*** Opening Data ***

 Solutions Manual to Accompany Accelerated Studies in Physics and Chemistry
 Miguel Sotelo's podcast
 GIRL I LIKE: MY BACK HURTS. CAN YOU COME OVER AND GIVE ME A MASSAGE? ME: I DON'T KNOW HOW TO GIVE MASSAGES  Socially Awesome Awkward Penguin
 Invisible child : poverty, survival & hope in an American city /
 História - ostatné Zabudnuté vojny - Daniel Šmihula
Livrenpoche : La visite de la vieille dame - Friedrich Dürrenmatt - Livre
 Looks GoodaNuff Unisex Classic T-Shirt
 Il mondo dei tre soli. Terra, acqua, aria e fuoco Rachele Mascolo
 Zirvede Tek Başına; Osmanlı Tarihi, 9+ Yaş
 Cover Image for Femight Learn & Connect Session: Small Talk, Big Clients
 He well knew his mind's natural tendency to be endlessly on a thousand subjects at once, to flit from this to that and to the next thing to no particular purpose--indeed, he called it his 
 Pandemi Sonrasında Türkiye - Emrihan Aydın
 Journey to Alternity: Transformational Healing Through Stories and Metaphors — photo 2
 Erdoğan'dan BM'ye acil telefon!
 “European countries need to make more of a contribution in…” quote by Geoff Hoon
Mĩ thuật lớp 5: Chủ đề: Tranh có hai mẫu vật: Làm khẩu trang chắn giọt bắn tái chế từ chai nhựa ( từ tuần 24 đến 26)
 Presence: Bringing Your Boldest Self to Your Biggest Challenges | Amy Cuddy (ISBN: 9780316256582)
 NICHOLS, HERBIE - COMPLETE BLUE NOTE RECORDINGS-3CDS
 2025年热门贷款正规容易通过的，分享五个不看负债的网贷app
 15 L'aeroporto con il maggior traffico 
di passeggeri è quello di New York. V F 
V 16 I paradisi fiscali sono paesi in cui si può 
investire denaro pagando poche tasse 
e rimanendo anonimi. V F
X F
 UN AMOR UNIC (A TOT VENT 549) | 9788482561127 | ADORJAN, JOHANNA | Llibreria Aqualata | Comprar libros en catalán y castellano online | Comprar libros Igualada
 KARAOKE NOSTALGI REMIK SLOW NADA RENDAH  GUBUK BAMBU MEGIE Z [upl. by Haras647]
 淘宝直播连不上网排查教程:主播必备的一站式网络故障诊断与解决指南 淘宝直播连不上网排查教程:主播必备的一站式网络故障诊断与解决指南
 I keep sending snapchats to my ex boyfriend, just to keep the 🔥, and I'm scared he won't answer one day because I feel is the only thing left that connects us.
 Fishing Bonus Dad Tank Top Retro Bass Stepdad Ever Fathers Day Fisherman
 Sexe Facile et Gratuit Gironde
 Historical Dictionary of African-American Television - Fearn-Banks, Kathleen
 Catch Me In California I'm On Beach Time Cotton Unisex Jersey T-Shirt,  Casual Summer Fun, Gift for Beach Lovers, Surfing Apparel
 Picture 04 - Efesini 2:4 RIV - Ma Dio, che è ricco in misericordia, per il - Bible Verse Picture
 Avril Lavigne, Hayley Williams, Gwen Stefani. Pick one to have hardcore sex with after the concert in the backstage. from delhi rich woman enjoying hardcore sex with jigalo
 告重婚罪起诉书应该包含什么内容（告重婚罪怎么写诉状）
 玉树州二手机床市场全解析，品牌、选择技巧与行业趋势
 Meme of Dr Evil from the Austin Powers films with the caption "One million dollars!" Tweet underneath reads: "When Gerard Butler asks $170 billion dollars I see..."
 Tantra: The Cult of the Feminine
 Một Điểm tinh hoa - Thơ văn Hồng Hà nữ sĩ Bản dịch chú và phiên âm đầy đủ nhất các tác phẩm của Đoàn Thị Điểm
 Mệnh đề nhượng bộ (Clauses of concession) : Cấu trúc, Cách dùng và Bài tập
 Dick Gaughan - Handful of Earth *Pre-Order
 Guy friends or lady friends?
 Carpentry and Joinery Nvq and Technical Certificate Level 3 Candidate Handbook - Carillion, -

*** Closing Data ***

### [What is needed]
Lines from the top of the entries through the line with "Cover Image for" are to be transcribed exactly, and nothing more.

### [Response to the task]
 Solutions Manual to Accompany Accelerated Studies in Physics and Chemistry
 Miguel Sotelo's podcast
 GIRL I LIKE: MY BACK HURTS. CAN YOU COME OVER AND GIVE ME A MASSAGE? ME: I DON'T KNOW HOW TO GIVE MASSAGES  Socially Awesome Awkward Penguin
 Invisible child : poverty, survival & hope in an American city /
 História - ostatné Zabudnuté vojny - Daniel Šmihula
Livrenpoche : La visite de la vieille dame - Friedrich Dürrenmatt - Livre
 Looks GoodaNuff Unisex Classic T-Shirt
 Il mondo dei tre soli. Terra, acqua, aria e fuoco Rachele Mascolo
 Zirvede Tek Başına; Osmanlı Tarihi, 9+ Yaş
 Cover Image for Femight Learn & Connect Session: Small Talk, Big Clients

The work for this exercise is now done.